From the 1930s through the 1950s, Black Nationalists maintained a low profile. In 1935 Garvey failed to resurrect the UNIA, despite the hardships that many blacks endured during the Great Depression. Apart from Elijah Muhammad, the Nation of Islam’s relatively obscure leader, there was no Black Nationalist who could supplant Garvey. Although Hurston , Robeson , and Du Bois were significant figures, they were not principled separatists.
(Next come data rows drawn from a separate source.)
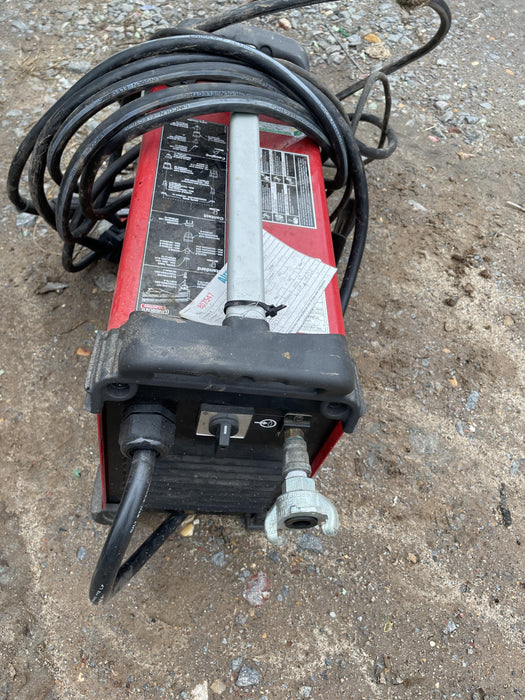 2021 LINCOLN ELECTRIC TOMAHAWK 1000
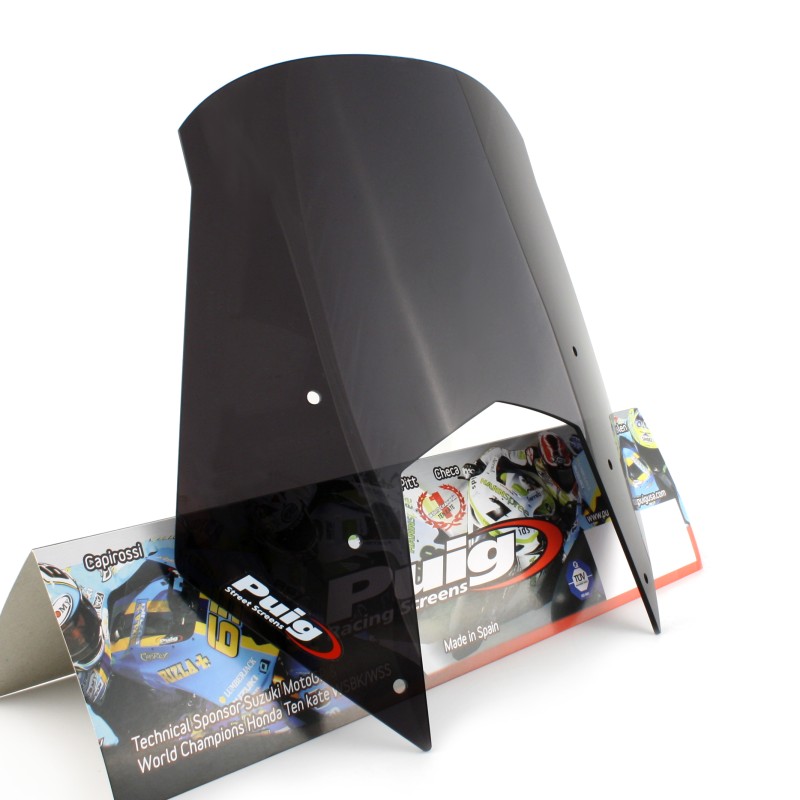Fly screen Puig KTM 950 Supermoto/ Enduro dark smoke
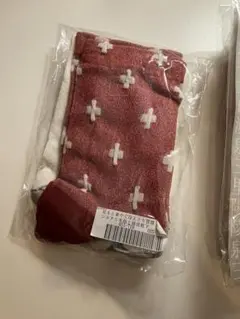 シルク五本指と綿混ぜ靴下のセット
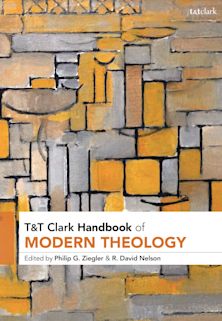 T&T Clark Handbook of Modern Theology cover
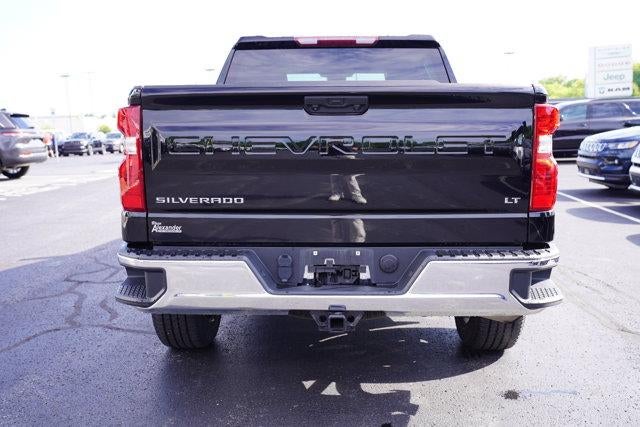 2023 Chevrolet Silverado 1500 Crew Cab Short Box 4-Wheel Drive LT 2FL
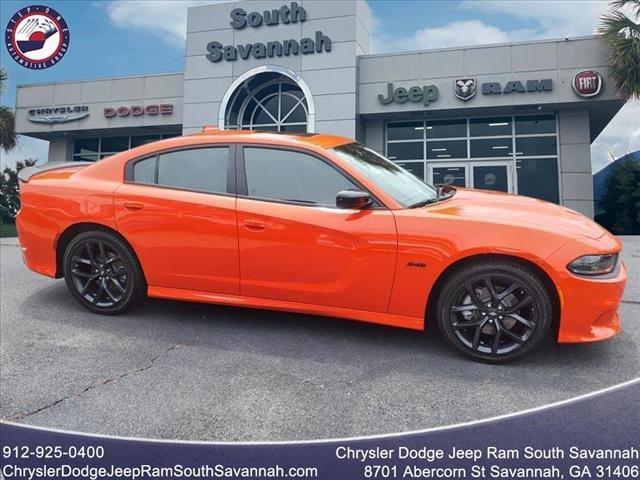 new 2023 Dodge Charger car, priced at $43,027
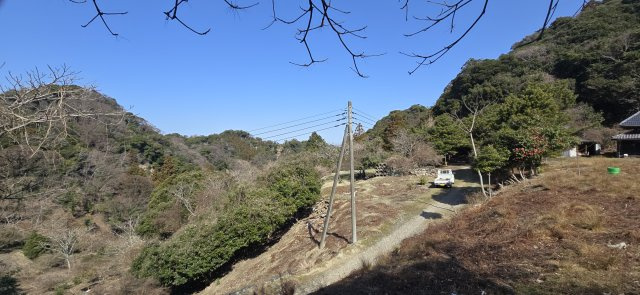 富津市梨沢　古民家付売地の周辺|館山道　竹岡ＩＣ　６．２ｋｍ　車で約１８分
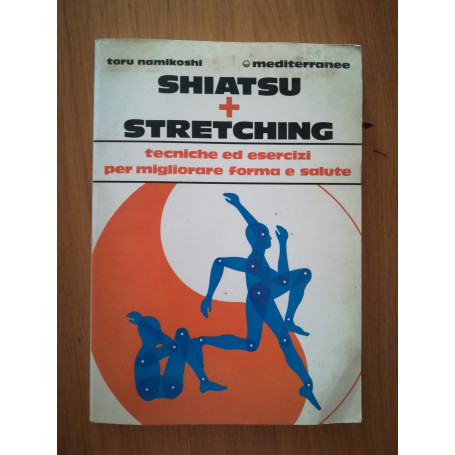 Shiatsu + Stretching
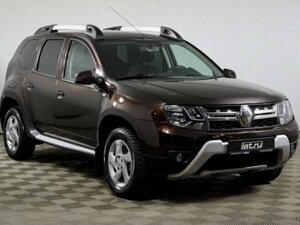 Renault Duster 2016 2.0 MT (143 л.с.) 4WD Privilege c пробегом - фото 3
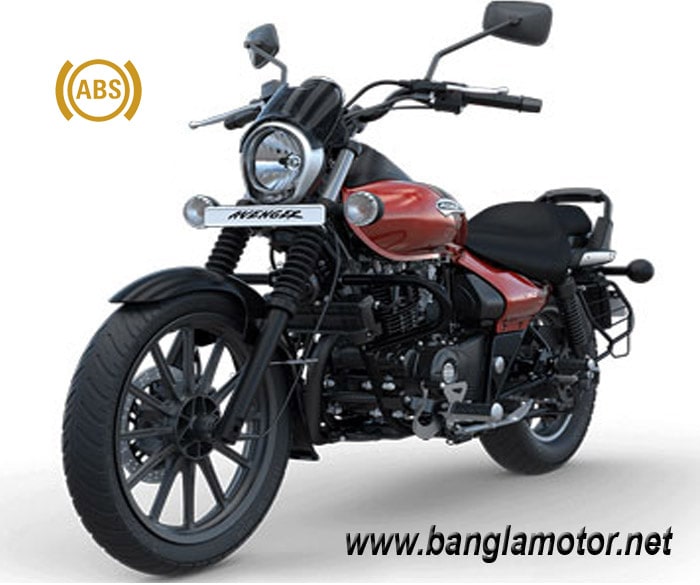 buy bajaj avenger online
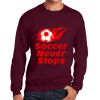Heavy Blend Crewneck Sweatshirt Thumbnail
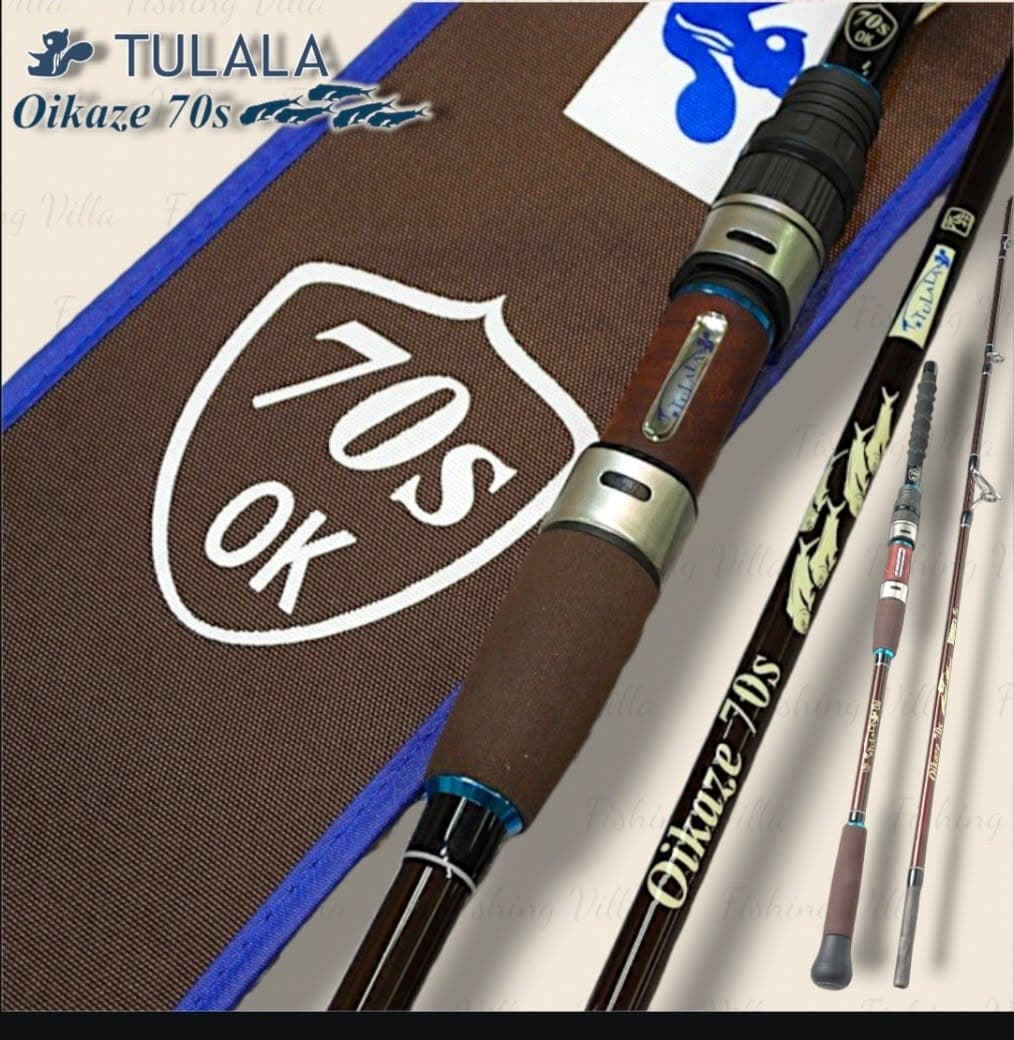 TULALA Oikaze 70s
The 1960s, by contrast, were a high point for Black Nationalist thought. In some respects, it became a radical extension of the Civil Rights Movement. Many blacks grew impatient with the slow pace of change and broke with the movement’s principles of passive nonviolence. The Student Nonviolent Coordinating Committee (SNCC) contributed an important expression of Black Nationalism through its slogan Black Power. SNCC leader Stokely Carmichael ( Kwame Ture ) and political scientist Charles Hamilton wrote Black Power (1967) to elaborate that slogan into a philosophy and political program.

In 1966 Bobby Seale and Huey Newton founded the Black Panther Party, which advocated militant self-defense and Black Nationalism. The Black Panther Party, like SNCC Black Power advocates, embraced a Black Nationalism that was primarily secular and political. By contrast, Nation of Islam leaders Elijah Muhammad and the charismatic Malcolm X grounded their goals of racial separation in religious precepts. Black Muslims sought to establish separate economic enterprises, finding a religious justification for a racially separate business life.

As of the late 1990s African American attitudes and beliefs continued to reveal the significance of Black Nationalism, although less as a political philosophy than as a cultural attitude. It is difficult to weigh this cultural impact, but its manifestations can be seen throughout African American society. For example, a growing number of black parents give their children African names. Since the 1970s African-style clothing has been a recurring feature in black fashion. Likewise, the celebration of Kwanzaa emphasizes African Americans’ distinctly African heritage.